Saturday, January 13, 2007

On the picket line

Published Jan 13, 2007 7:56 AM

Rights for mall workers

The Service Employees International Union landed a precedent-setting win when it signed an agreement Dec. 18 with two of the largest shopping mall owners. Simon Property Group Inc., the largest U.S. mall owner, and Westfield Group, one of the largest real estate owners in the world, agreed to work only with contractors that meet specific employee standards.

The contract, the first in the shopping mall industry, will raise the wages of and offer affordable health insurance to approximately 5,000 janitors, security guards and other workers at 373 malls around the country.
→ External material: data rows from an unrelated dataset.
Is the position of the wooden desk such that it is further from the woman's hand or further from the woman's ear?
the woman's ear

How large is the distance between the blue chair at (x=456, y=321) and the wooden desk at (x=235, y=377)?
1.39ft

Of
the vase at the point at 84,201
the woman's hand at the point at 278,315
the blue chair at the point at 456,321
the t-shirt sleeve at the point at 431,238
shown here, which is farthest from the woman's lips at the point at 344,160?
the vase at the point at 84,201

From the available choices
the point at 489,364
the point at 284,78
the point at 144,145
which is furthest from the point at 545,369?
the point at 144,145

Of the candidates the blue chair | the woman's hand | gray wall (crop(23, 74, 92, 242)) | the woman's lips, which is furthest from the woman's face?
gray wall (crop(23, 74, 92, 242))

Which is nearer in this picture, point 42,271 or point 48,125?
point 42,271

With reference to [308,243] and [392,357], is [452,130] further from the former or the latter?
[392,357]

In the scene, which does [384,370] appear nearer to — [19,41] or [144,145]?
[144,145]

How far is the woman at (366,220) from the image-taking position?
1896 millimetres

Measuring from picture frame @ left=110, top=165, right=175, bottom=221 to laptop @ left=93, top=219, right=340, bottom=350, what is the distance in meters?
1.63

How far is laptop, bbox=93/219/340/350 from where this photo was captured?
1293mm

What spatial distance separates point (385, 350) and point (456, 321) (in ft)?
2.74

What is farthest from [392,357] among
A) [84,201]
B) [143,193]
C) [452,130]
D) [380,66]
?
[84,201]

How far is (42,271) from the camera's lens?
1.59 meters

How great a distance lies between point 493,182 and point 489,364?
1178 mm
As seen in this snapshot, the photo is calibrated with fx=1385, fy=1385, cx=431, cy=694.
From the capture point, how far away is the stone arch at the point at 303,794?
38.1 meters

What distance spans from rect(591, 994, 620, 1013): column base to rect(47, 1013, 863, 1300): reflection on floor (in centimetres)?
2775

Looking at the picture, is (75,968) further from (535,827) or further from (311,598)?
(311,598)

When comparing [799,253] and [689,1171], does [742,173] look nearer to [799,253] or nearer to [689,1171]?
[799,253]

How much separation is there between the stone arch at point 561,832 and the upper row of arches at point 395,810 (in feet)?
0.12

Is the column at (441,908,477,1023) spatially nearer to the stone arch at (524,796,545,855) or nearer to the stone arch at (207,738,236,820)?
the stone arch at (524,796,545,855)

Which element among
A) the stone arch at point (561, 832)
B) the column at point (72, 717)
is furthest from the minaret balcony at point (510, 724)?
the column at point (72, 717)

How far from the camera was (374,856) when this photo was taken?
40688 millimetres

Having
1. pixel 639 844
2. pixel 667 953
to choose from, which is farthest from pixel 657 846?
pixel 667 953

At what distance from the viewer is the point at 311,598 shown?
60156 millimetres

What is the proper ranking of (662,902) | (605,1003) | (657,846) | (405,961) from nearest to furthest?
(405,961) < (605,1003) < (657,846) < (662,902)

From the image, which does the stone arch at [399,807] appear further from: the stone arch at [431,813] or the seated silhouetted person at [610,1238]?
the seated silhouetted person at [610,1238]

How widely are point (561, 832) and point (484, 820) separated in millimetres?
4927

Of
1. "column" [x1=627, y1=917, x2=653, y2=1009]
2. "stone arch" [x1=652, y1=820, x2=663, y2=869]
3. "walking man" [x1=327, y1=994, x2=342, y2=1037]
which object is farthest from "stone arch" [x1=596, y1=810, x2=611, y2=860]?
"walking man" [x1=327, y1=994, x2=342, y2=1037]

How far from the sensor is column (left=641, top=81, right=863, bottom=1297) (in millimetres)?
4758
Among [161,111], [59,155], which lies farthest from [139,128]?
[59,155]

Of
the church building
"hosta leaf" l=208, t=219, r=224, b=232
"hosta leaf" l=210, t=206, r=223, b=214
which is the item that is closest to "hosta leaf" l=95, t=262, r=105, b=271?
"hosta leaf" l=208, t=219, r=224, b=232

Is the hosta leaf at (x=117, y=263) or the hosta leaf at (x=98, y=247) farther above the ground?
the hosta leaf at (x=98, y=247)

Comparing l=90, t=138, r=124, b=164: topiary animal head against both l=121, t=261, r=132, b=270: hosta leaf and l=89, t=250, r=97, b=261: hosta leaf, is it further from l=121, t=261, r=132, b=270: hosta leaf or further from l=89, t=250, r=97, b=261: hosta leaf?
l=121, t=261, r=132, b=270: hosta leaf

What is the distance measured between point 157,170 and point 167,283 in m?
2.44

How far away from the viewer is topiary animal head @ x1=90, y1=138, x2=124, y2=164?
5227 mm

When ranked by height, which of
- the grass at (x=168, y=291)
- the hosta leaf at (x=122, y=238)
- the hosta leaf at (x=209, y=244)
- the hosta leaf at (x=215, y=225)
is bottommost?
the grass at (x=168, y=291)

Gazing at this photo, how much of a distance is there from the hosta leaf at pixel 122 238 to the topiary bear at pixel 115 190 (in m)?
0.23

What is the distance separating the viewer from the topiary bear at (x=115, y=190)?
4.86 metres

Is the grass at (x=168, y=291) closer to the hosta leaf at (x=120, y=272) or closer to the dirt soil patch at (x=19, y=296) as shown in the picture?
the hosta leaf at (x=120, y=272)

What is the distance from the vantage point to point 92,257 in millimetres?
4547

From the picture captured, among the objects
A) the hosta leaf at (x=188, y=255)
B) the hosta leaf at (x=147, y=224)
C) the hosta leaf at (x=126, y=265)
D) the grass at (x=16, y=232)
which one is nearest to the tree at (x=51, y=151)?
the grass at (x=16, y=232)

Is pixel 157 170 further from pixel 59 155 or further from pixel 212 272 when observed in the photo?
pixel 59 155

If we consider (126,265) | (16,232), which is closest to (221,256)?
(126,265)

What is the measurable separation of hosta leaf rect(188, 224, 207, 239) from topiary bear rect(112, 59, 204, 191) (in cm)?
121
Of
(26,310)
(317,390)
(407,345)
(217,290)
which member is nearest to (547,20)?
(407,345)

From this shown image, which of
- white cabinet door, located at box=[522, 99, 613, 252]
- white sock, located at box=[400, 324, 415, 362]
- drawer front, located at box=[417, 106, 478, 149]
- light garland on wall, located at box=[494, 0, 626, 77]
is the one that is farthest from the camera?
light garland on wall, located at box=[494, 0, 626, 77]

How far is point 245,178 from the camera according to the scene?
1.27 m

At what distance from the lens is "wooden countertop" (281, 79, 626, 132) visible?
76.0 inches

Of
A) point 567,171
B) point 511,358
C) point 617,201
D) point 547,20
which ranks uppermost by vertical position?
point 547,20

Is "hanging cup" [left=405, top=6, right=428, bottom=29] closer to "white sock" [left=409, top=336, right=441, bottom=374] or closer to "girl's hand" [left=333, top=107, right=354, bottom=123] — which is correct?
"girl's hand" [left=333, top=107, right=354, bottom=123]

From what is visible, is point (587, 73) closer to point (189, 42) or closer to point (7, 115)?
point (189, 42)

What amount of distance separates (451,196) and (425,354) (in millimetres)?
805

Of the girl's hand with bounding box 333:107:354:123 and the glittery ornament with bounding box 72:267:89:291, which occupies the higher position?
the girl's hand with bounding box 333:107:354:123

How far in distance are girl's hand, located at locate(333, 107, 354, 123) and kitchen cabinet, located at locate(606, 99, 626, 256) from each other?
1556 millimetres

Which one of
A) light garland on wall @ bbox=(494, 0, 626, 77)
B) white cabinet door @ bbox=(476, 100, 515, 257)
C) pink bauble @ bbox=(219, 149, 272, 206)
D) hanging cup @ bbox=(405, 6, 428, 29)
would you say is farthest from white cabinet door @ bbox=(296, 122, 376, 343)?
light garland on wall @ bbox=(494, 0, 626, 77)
This reverses an outsourcing trend where companies bid contracts to the cheapest supplier, regardless of how they treat their workers, noted Stephen Lerner, director of SEIU’s Justice for Janitors campaign. (Business Week, Dec. 18)

In the last few months of 2006, more than 10,000 service workers of all backgrounds won higher pay, health insurance and/or the right to vote to form a union. These include 5,300 janitors in Houston, 5,000 security staff in Los Angeles and more than 1,000 janitors and security staff at major universities such as Harvard and the University of Miami. (SEIU press release, Dec. 18)

‘No worker is illegal’ campaign

Rank-and-file members of SEIU in California have launched a “No worker is illegal” campaign. They initiated the protest last fall to pressure SEIU leaders to stop supporting reactionary immigrant bills. The issue is on the agenda at SEIU’s International Executive Board meeting later in January.

Spearheaded by Local 790 in San Francisco, the campaign opposes the McCain-Kennedy bill, which would further militarize the U.S./Mexican border, level sanctions against employers who hire undocumented workers and establish a federal so-called “guest worker” program which does not offer a path to citizenship. One such 2006 program was so discriminatory that the Southern Poverty Law Center sued a contractor and won back wages for hundreds of Latin American immigrants. (Workers World, Dec. 28)

“How are we supposed to organize workplaces with these kinds of laws?” asked Renee Saucedo, a leader of the campaign. (Labor Notes, January 2007)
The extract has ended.